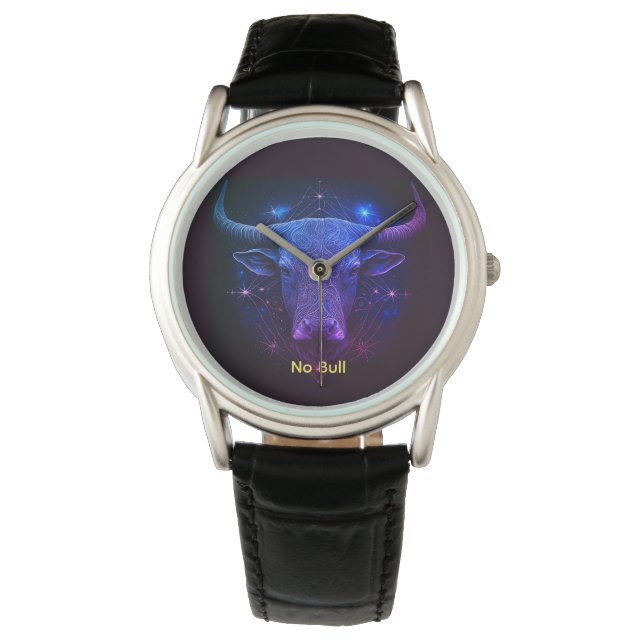 Modern Starry Blue "No Bull" Taurus Armbanduhr (Vorderseite)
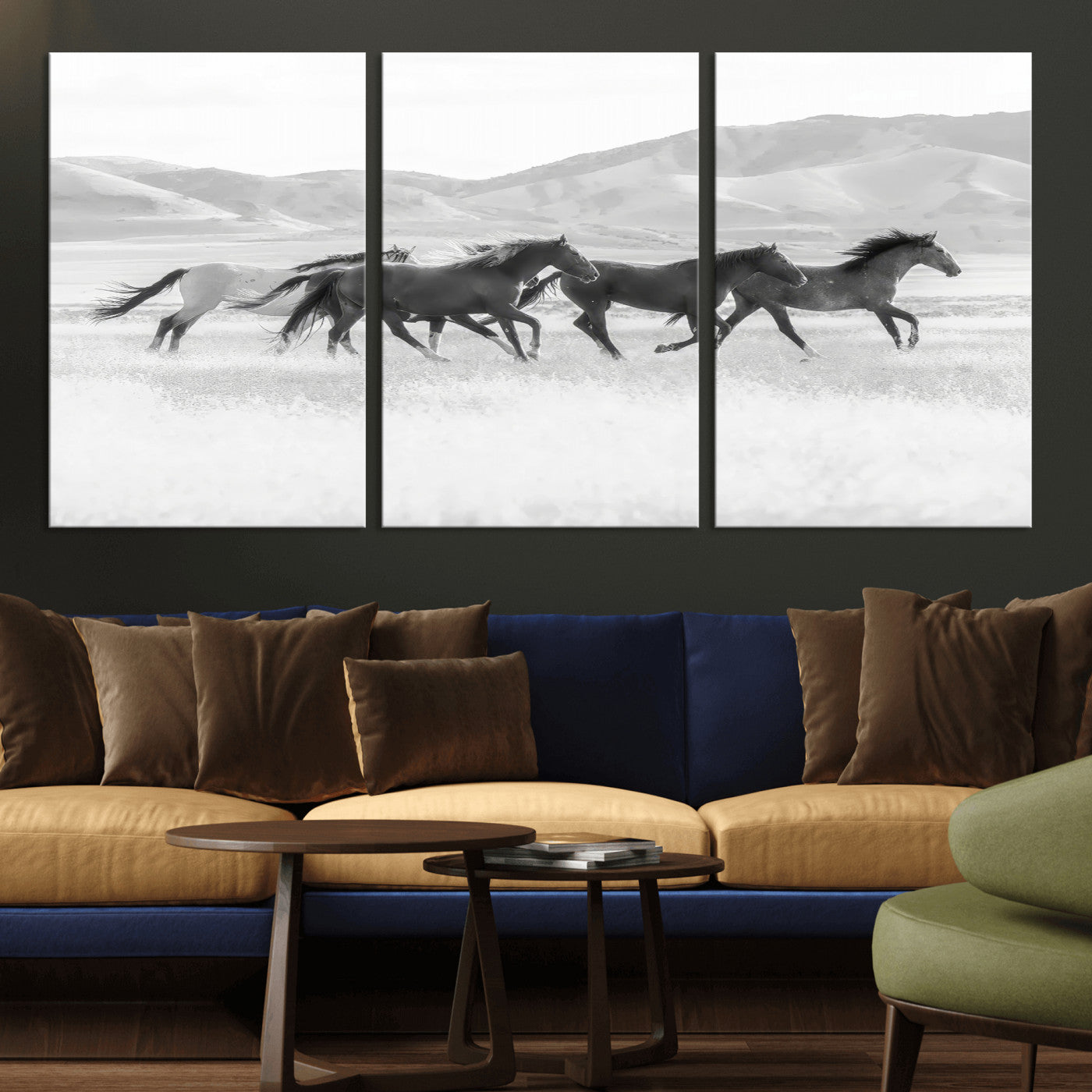 69934913-MGV-CV-36X24-Wild Horses Running Wall Art Canvas Print, Framed Black White Mustangs Art Picture Print, Rustic Western Perfect Rustic Western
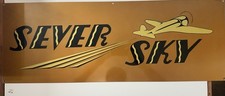 RARE VINTAGE SEVER SKY AVIATION METAL SIGN WITH 1976 SPIRIT OF ’76 AIR SHOW MATE picture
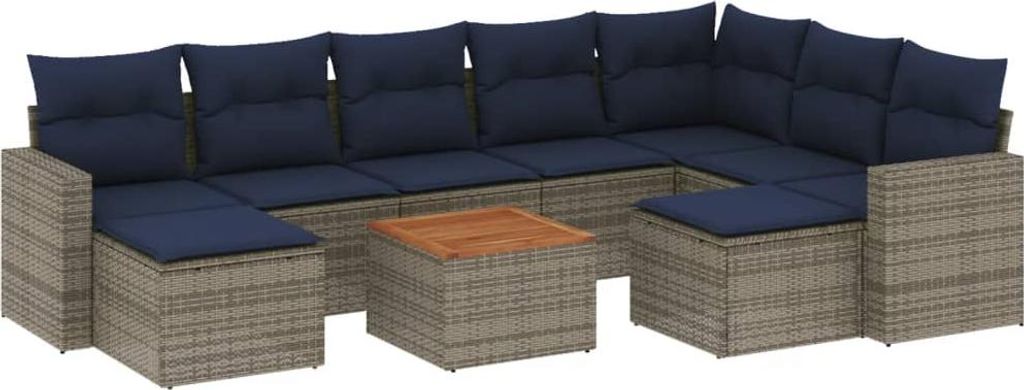vidaXL 10-teiliges Gartensofa-Set mit Kissen, grau, Polyrattan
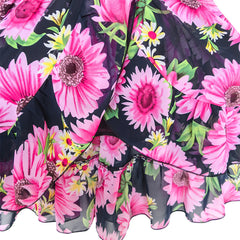 Girls Dress Chiffon Pink Sunflower Cold Shoulder Maxi Dress Size 5-12 Years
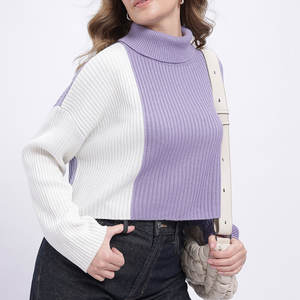 Suéter de cuello alto de invierno de primera calidad para mujer, ligero, estilo pullover, transpirable, con impresión de logotipo personalizado, ropa universitaria - Product Image 1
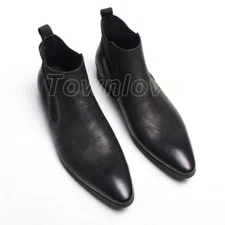 Pointed Toe Mens Pull on Chelsea Ankle Boots Real Leather Western Occident Style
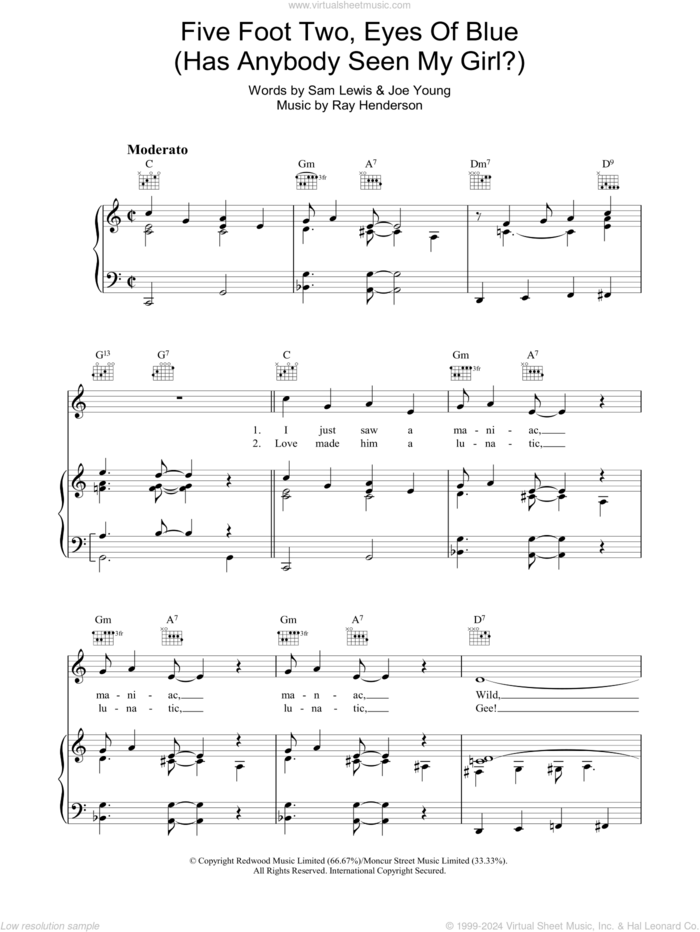 Five Foot Two, Eyes of Blue (Has Anybody Seen My Girl?) sheet music for voice, piano or guitar by Ray Henderson, Joe Young and Sam Lewis, intermediate skill level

::::::::::

* [How to complete this task]
Lines from the one that contains "69934913-MGV-CV-36X24-Wild Horses Running" through the last line of the data above are to be extracted exactly, with no pictures and no other lines.

* [Task result]
 69934913-MGV-CV-36X24-Wild Horses Running Wall Art Canvas Print, Framed Black White Mustangs Art Picture Print, Rustic Western Perfect Rustic Western
 RARE VINTAGE SEVER SKY AVIATION METAL SIGN WITH 1976 SPIRIT OF ’76 AIR SHOW MATE picture
vidaXL 10-teiliges Gartensofa-Set mit Kissen, grau, Polyrattan
 Girls Dress Chiffon Pink Sunflower Cold Shoulder Maxi Dress Size 5-12 Years
 Suéter de cuello alto de invierno de primera calidad para mujer, ligero, estilo pullover, transpirable, con impresión de logotipo personalizado, ropa universitaria - Product Image 1
 Pointed Toe Mens Pull on Chelsea Ankle Boots Real Leather Western Occident Style
 Five Foot Two, Eyes of Blue (Has Anybody Seen My Girl?) sheet music for voice, piano or guitar by Ray Henderson, Joe Young and Sam Lewis, intermediate skill level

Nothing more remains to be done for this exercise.